Oysa ülkemizde, odun hammadesi üretim açığının 2020 yılında 42 milyon m3 düzeyine çıkması bekleniyor. Doğal ormanlarımızın odun hammaddesi üretim kapasitesi ise en çok 15 milyon m3/yıl düzeyinde. Dolayısıyla, hızla artan odun hammaddesi talebini karşılayabilmek için, kısa dönemde odun üretimini artıracak ve sorunlarımızı hafifletecek bir çözüme ihtiyaç duyuluyor. Bu konuda yapılan tüm araştırmalar, tek bir doğruyu işaret ediyor: Türkiye’nin şartlarına uygun, hızlı gelişen orman ağacı türleri ile endüstriyel plantasyonlar tesis etmek.
AĞAÇ TARIMINA YÖNELİK İLK GİRİŞİMLER VE ENAT’IN KURULUŞU
Dünyadaki başarılı uygulamalarına karşın ağaç tarımı, yakın zamana kadar Türkiye’de ilgi uyandırmamış bir konuydu. Orman Bakanlığı tarafından bu yönde yapılan çalışmalar da sadece araştırma ve deneme düzeyinde kalmıştı.
Bu yöndeki ilk adım, bir TEMA projesi olarak 2003 yılında uluslararası bir konferans düzenlenmesiyle atıldı. Bu konferansa Orman Bakanlığı’ndan yetkililerin ve çeşitli üniversitelerden uzmanların yanı sıra Avustralya, Yeni Zelanda, Finlandiya, Almanya, Şili ve Birleşmiş Milletler Gıda ve Tarım Örgütü’nden temsilciler de katıldı. Konferans sonunda, Türkiye’de ağaç tarımı olanaklarını incelemek üzere dört kişilik bir İzleme Komitesi kuruldu. Bu dört kişiden biri de, TEMA Vakfı Onursal Başkanı ve ANG Vakfı’nın kurucusu Nihat Gökyiğit’ti. Gökyiğit’e göre konunun, bu işi endüstri haline getiren ülkelerde olduğu gibi “özel sektör dinamizminde” ele alınması gerekliydi.
Nihat Gökyiğit, İzleme Komitesi’nin yaptığı çalışmaların değerlendirileceği 2004 yılındaki son toplantıya, kurulması planlanan Endüstriyel Ağaç Tarımı (ENAT) şirketine hissedar olabilecek, sektörle ilgili 100 kadar işadamını da davet etmişti.

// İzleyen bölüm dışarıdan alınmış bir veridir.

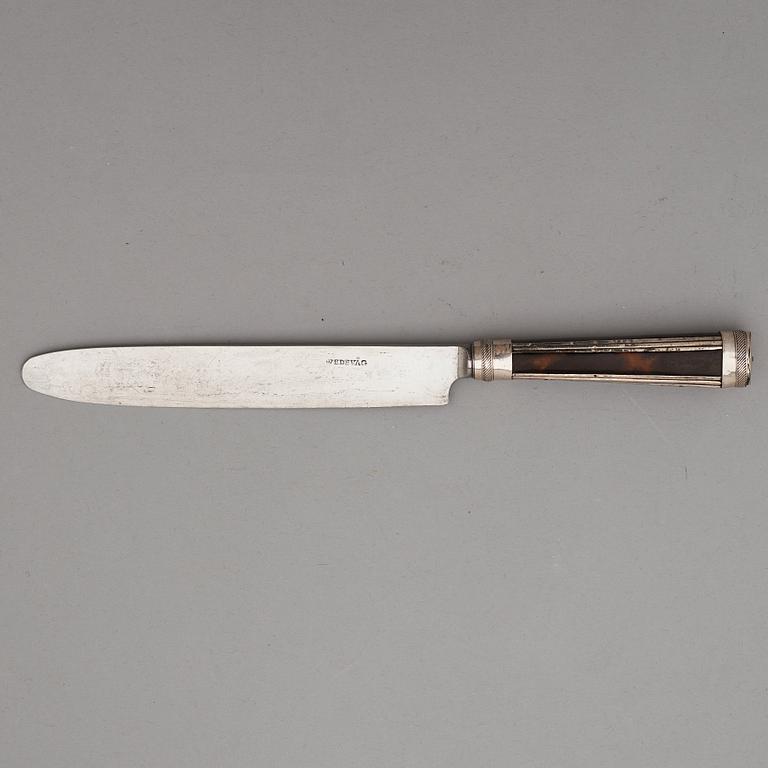 Matknivar, 12 st, sköldpadd och silver, Sverige omkring 1800.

Gökyiğit, toplantıda yaptığı konuşmada, 20 yıl boyunca hiçbir getiri sağlamayacak böyle bir yatırıma soğuk bakan işadamlarına şöyle sesleniyordu:
Bu işe bir yerden başlamazsak, ormanların tahribi daha çok yirmi seneler devam eder. Bugün aranızdan hiçbir iştirakçi çıkmasa bile, ben kalan servetimi yatırarak bu işe başlamayı aklıma koydum. Ancak bu girişime, geniş katılımla iş dünyasının sahip çıkmasında yarar görüyorum.
O gün, 22 işadamı, şirketin iştirak taahhüdünü imzaladı. Böylece ağaç tarımının Türkiye’deki ilk uygulayıcısı olan ENAT, 2005 yılında, 26 kurucu ortak ve 2 milyon TL sermayeyle resmen faaliyetlerine başladı.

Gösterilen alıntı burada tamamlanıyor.